Avevo 21 anni ed ero finito a fare il Car a Macomer, in Sardegna. Lì, all’ufficio destinazioni, trovai un mio compaesano bresciano che mi spedì come caporale secondino a Peschiera del Garda. E per me, che abitavo a Palazzolo sull’Oglio, fu una fortuna. Ma nessuna raccomandazione, giuro».

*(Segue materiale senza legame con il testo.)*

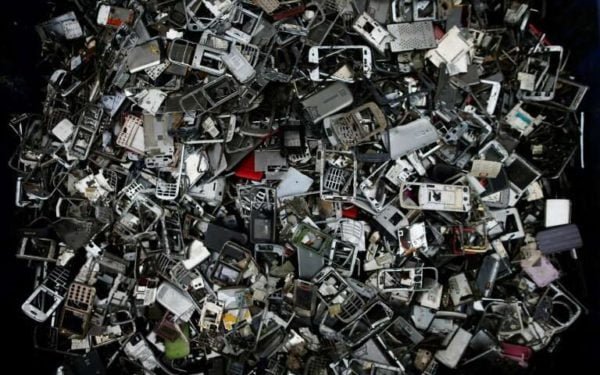 Recycling electronics: What to do with old devices — Sustainable Review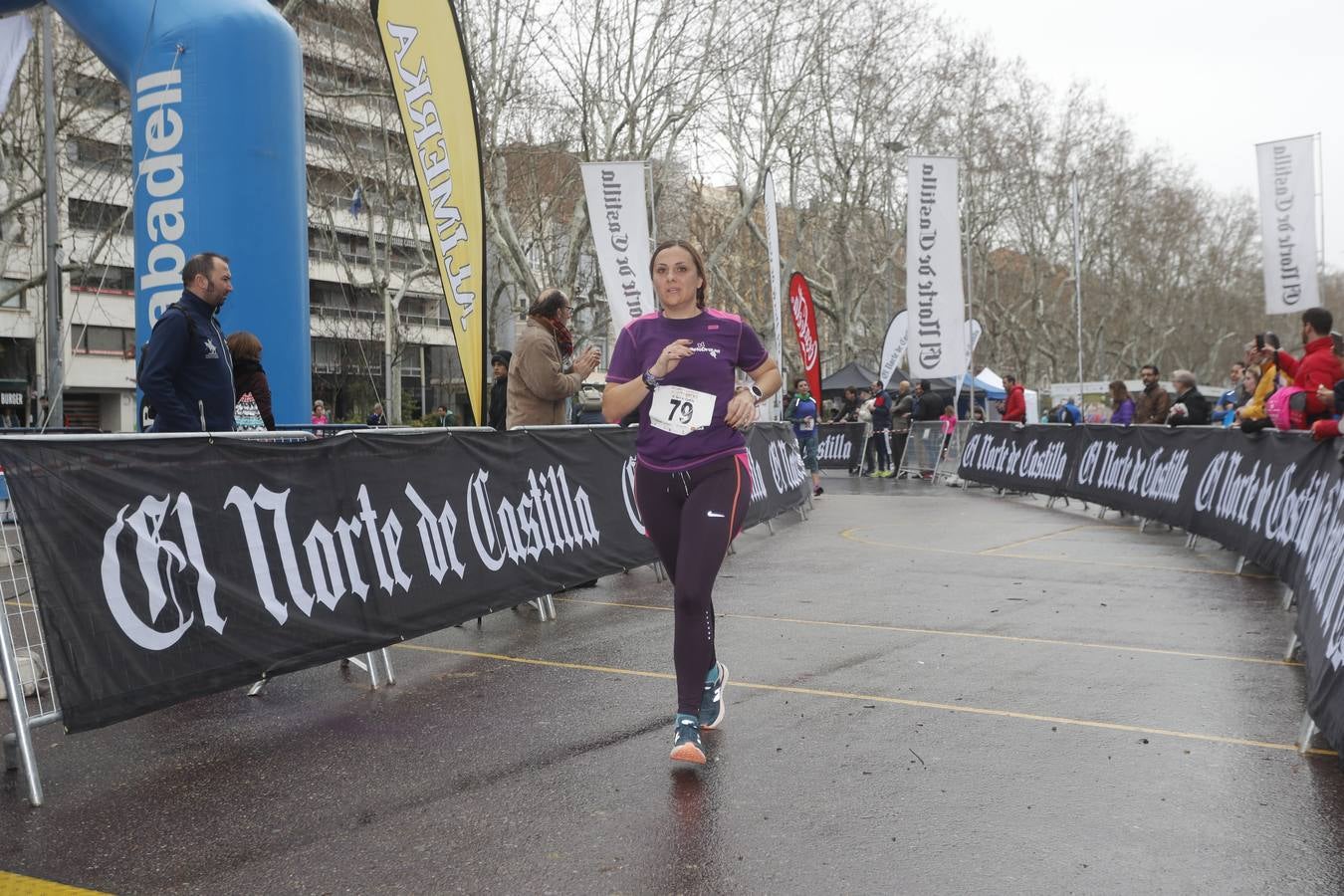 Más de 800 participantes se dieron cita en la Plaza Zorrilla para tomar parte de una marea rosa que tiñó de color las calles del centro de la ciudad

Maurizio Belpietro, 49 anni, direttore de Il Giornale (sotto), nel 1979 è stato per sette mesi sorvegliante del carcere militare più temuto d’Italia. Ci finivano gli obiettori che rifiutavano la naia: «C’era un centinaio di testimoni di Geova, qualche anarchico. E soldati che commettevano reati, come un napoletano che aveva svaligiato l’armeria della sua caserma. Mi mandarono anche in missione nell’altro carcere militare, a Gaeta, dove c’era ancora il maggiore Reder, il boia nazista di Marzabotto».
Che ricordi ha?
«Beh, era un vecchio edificio asburgico, condizioni igieniche non straordinarie. Io lavoravo già da giornalista, mi occupavo di sindacato, e una volta mi telefonò il segretario della Camera del lavoro di Brescia Carlo Panella. Dal centralino urlarono: “Belpietro, Panella al telefono!” Il tenente mi diede subito 36 ore di permesso. Capii il perché quando rientrai: di fronte al carcere c’era stata una manifestazione antimilitarista con Pannella, il capo dei radicali. Mi avevano allontanato: temevano che fossi un loro complice».
Hahaha, è VERO! Vi immaginate un prison-movie stile "le ali della libertà" con Belpietro Secondino? Cazzo, da Oscar!